I’ve written about procrastination as well as measured time versus experience time and chronos and kairos, but today I will speak of a relationship with time and how it has become unhealthy.

Prior to the invention of clocks time was mostly driven by light (sundials) and tasks (harvest). The work took as long as it took and what could be done was done when the sun was shining. We slept when it was dark and, uhm, when we were tired. Yeah. Our attitudes toward sleep is cultural. Naps, siestas, and breaks in the hottest part of days, are part of society unless, of course, if you are American, the land of the people who are always exhausted and unwilling to waste time napping. I say all that to suggest time and culture have a relationship. That said. What I do know is that uniform timekeeping is inextricably tied to industrialization. I’m not suggesting that we haven’t always sought better ways to assess time or even to make better clocks and time keepers, what I am suggesting is that timekeeping has become the default for society’s view of time. And therein lies an issue we have truly failed to grapple with as a society – and individually. By looking at clocks and the time keepers we’ve forgot to look at time itself. We have sought to try to discipline time using it to discipline us (humans). The problem is the time is elastic. Yeah. Time seems short in good time and bad times seem to last forever. Tahat happens despite the fact we clearly know that time never really slows down, it is more in how we remember events that make us believe that time has either sped up or slowed down. Uhm. This also suggests the brain itself is elastic. Or maybe I should say that the brain has some emergent characteristics in that our senses adapt to context.

Which leads me to circle back to time and how it is measured.
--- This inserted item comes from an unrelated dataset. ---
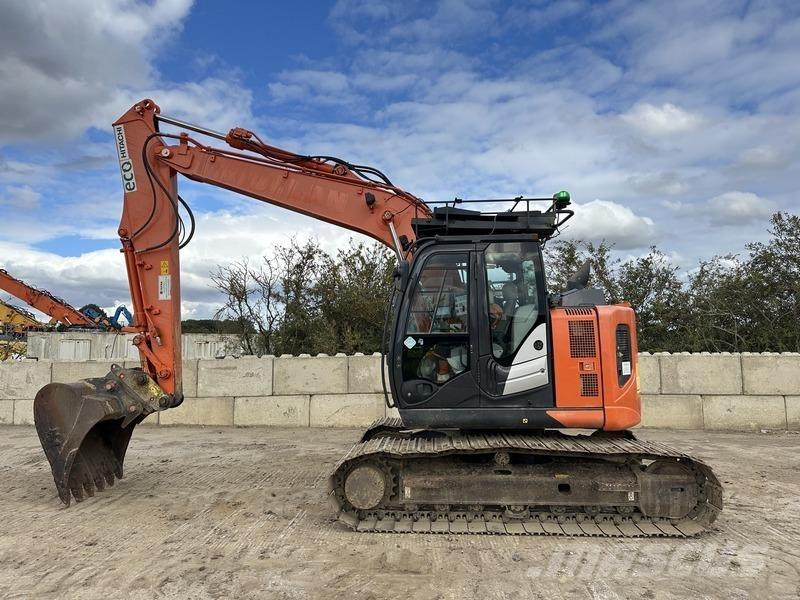 Hitachi ZX135 US-6 Rupsgraafmachines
If all of those human characteristics I just described are elastic, why wouldn’t we always be in conflict with time in our relentless attempts to discipline it? Maybe we were happier when we didn’t try to discipline time and we treated it as elastic – just as we are? Maybe we need to remember we still got work done and, in fact, the quality of work was often quite good. Maybe we need to remember that we weren’t always trying to cram that work into minutes, or hours. The day was the day, daylight was daylight, and we did what we could do. Maybe we need to remember time has always been in a limited supply and yet we used to demand less things of it.

All of this isn’t to say that the telling of time has been a human pursuit from the beginning of time. Sundials water clocks, lunar cycles, even astrology, attempted to give humans a sense of how time passes. But I would argue all of those things gave us all some room. Some space. Its lack of its exactness gave us the ability to live a slightly less exact life. It gave us some breathing room to still get everything done, but without exact time specificity. The patterns of our behavior and our attitudes, I would guess, were just a little less exact, a little less measured, and a lot more a reflection of a natural rhythm of human nature. We were dedicated a little less to time and a little more to what needed to be done – and life itself. We lived just a little more in sync with nature and coherence to whomever we were interacting with – and not to time itself. Maybe what I am suggesting is that time measurement was created by humans and maybe we should measure life, and tasks, through the social aspect of humans in their connectivity and interactions then to some time measurement device which puts unnatural demands upon us.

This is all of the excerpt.